Source material →

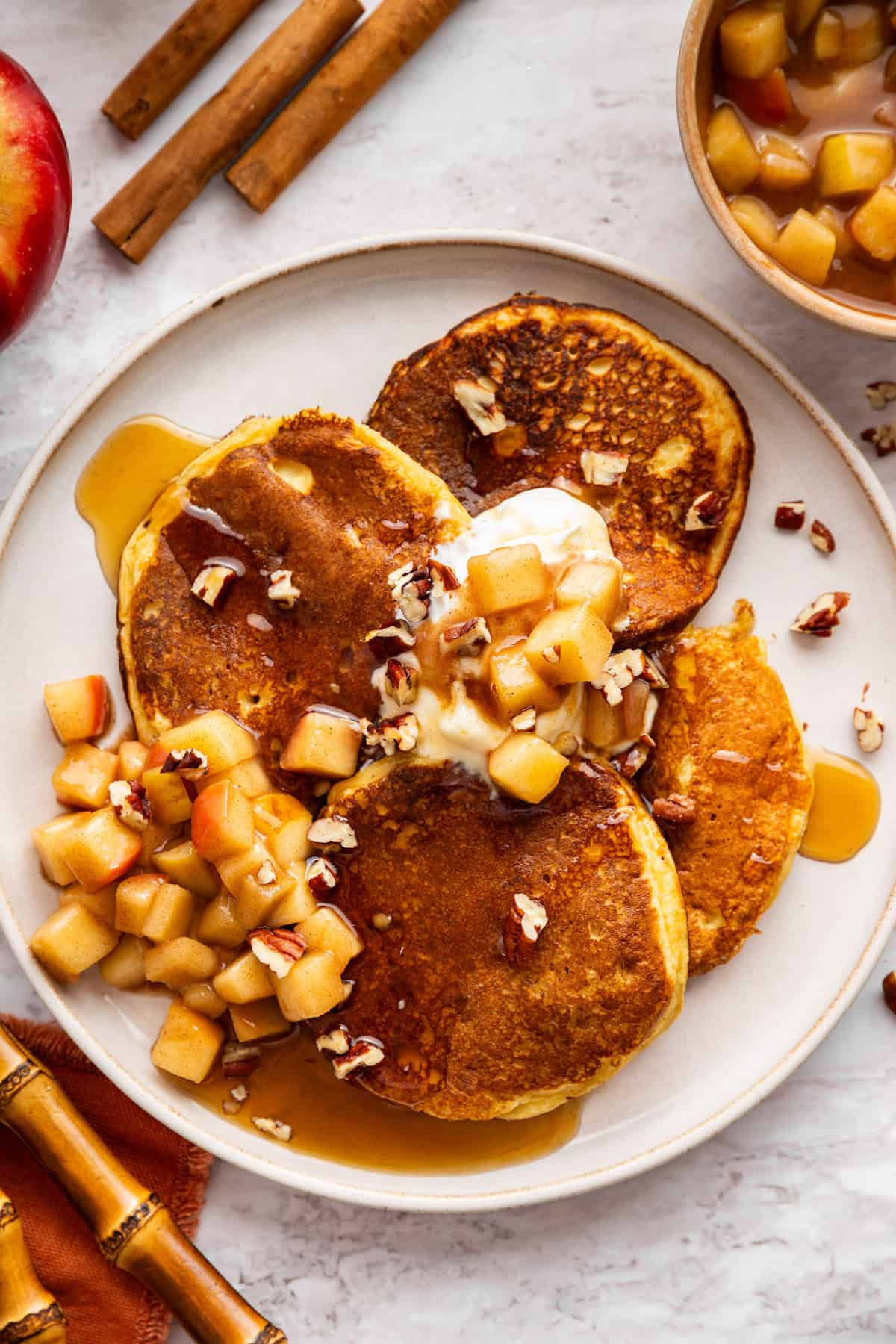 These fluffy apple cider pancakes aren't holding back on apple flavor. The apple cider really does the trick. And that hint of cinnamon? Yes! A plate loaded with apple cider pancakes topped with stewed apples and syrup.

---

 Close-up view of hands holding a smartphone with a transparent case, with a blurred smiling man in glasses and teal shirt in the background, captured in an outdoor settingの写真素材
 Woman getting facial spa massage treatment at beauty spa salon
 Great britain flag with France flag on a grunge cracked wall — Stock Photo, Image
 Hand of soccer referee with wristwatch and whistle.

---

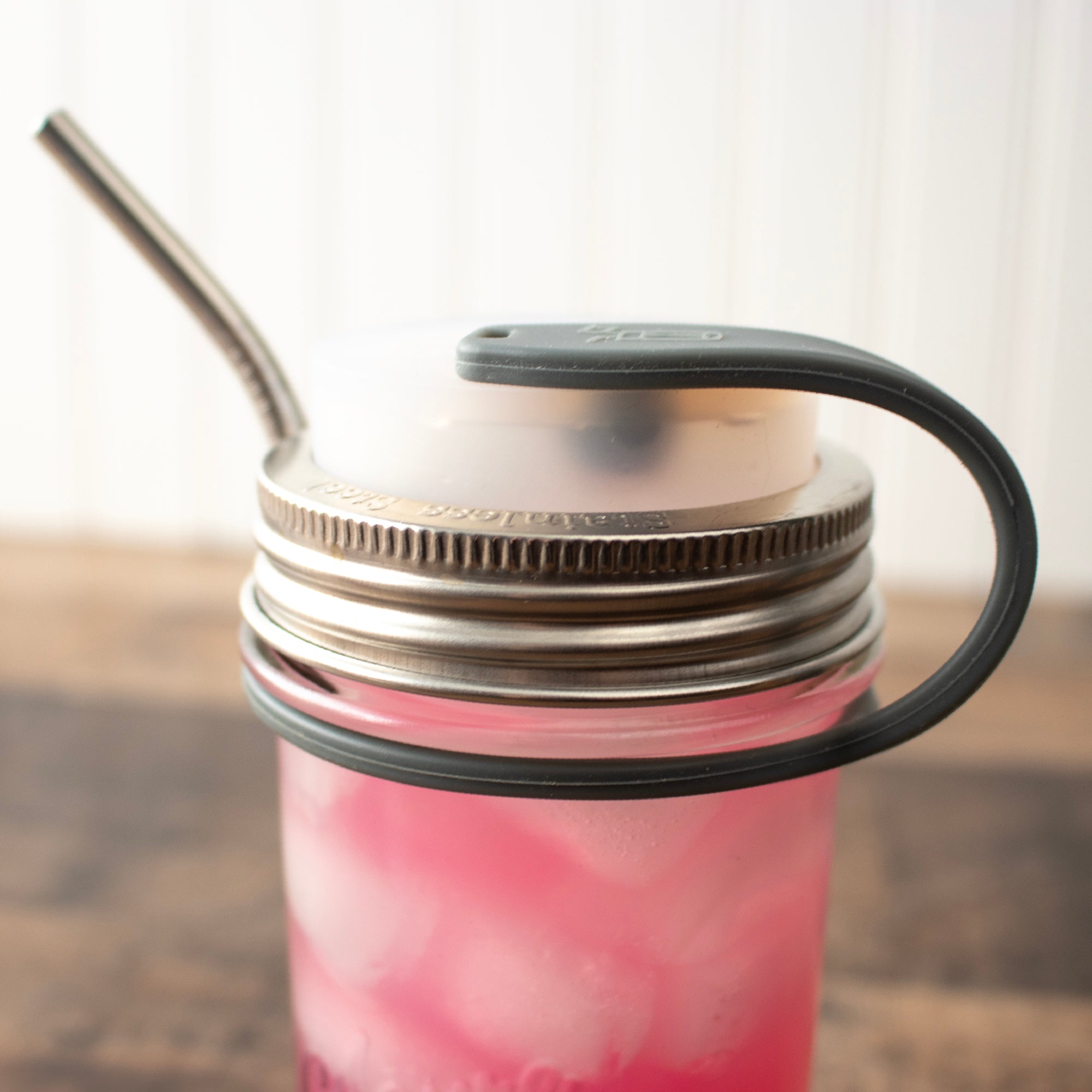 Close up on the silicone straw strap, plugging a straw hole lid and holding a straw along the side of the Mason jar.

Aim of the task →
Only the lines above from the one with "Woman getting facial" through the one with "Hand of soccer" should be duplicated, character for character.

Solution to this task →
 Woman getting facial spa massage treatment at beauty spa salon
 Great britain flag with France flag on a grunge cracked wall — Stock Photo, Image
 Hand of soccer referee with wristwatch and whistle.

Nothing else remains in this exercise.